Deep learning-based lightweight model for automated lumbar foraminal stenosis classification: sagittal CT diagnostic performance compared to clinical subspecialists.
Authors
Affiliations (2)
Affiliations (2)
- The Second Affiliated Hospital and Yuying Children's Hospital of Wenzhou Medical University, Wenzhou, China.
- The Second Affiliated Hospital and Yuying Children's Hospital of Wenzhou Medical University, Wenzhou, China. [email protected].
Abstract
Magnetic resonance imaging (MRI) is essential for diagnosing lumbar foraminal stenosis (LFS). However, access remains limited in China due to uneven equipment distribution, high costs, and long waiting times. Therefore, this study developed a lightweight deep learning (DL) model using sagittal CT images to classify LFS severity as a potential clinical alternative where MRI is unavailable. A retrospective study included 868 sagittal CT images from 177 patients (2016-2025). Data were split at the patient level into training (n = 125), validation (n = 31), and test sets (n = 21), with annotations, based on the Lee grading system, provided by two spine surgeons.
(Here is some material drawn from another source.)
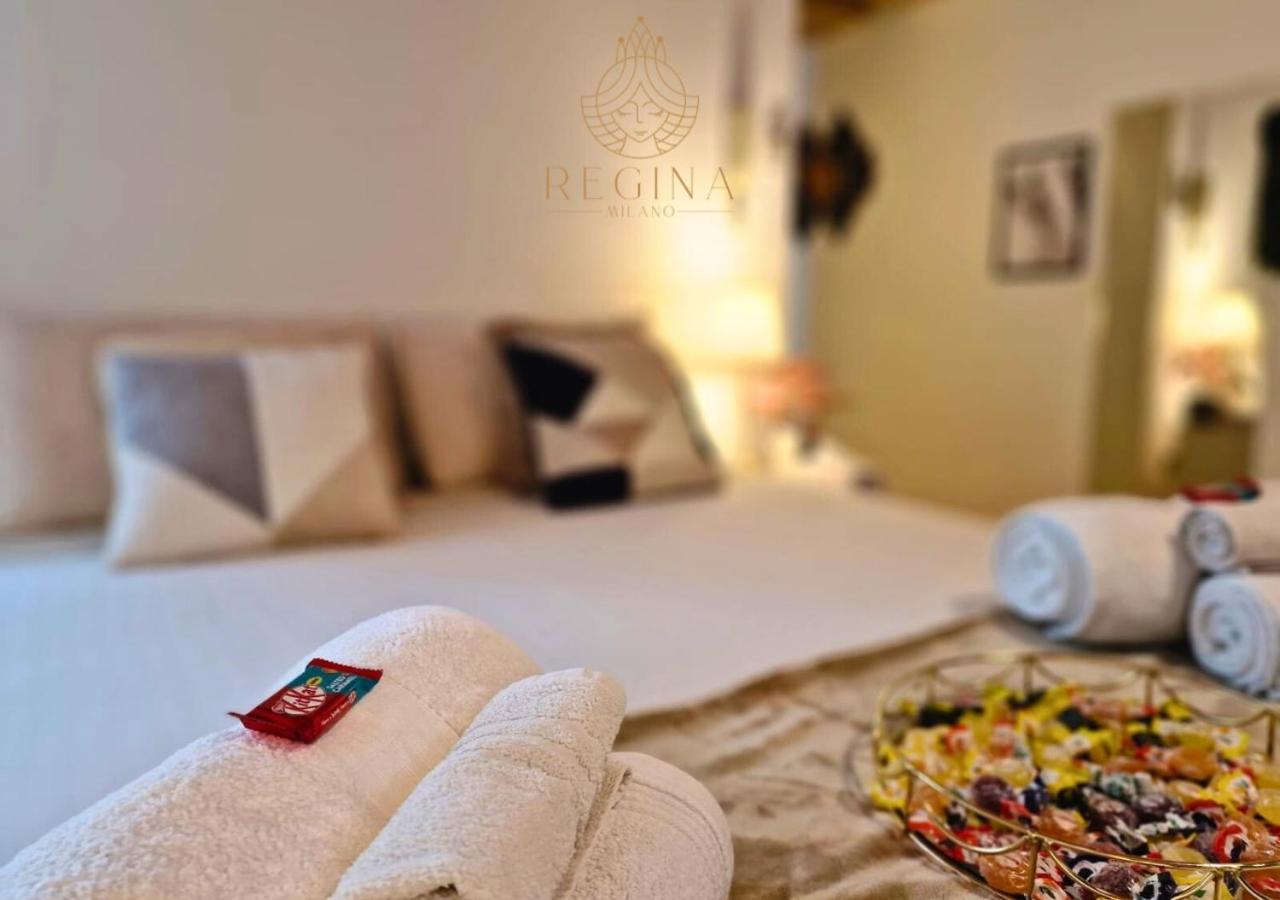 Regina Milano In Porta Romana 1 Appartement Buitenkant foto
Two DL models were developed: DL1 (EfficientNet-B0) and DL2 (MobileNetV3-Large-100), both of which incorporated a Faster R-CNN with a ResNet-50-based region-of-interest (ROI) detector. Diagnostic performance was benchmarked against spine surgeons with different levels of clinical experience. DL1 achieved 82.35% diagnostic accuracy (matching the senior spine surgeon's 83.33%), with DL2 at 80.39% (mean 81.37%), both exceeding the junior spine surgeon's 62.75%. DL1 demonstrated near-perfect diagnostic agreement with the senior spine surgeon, as validated by Cohen's kappa analysis (κ = 0.815; 95% CI: 0.723-0.907), whereas DL2 showed substantial consistency (κ = 0.799; 95% CI: 0.703-0.895). Inter-model agreement yielded κ = 0.782 (95% CI: 0.682-0.882). The DL models achieved a mean diagnostic accuracy of 81.37%, comparable to that of the senior spine surgeon (83.33%) in grading LFS severity on sagittal CT. However, given the limited sample size and absence of external validation, their applicability and generalisability to other populations and in multi-centre, large-scale datasets remain uncertain.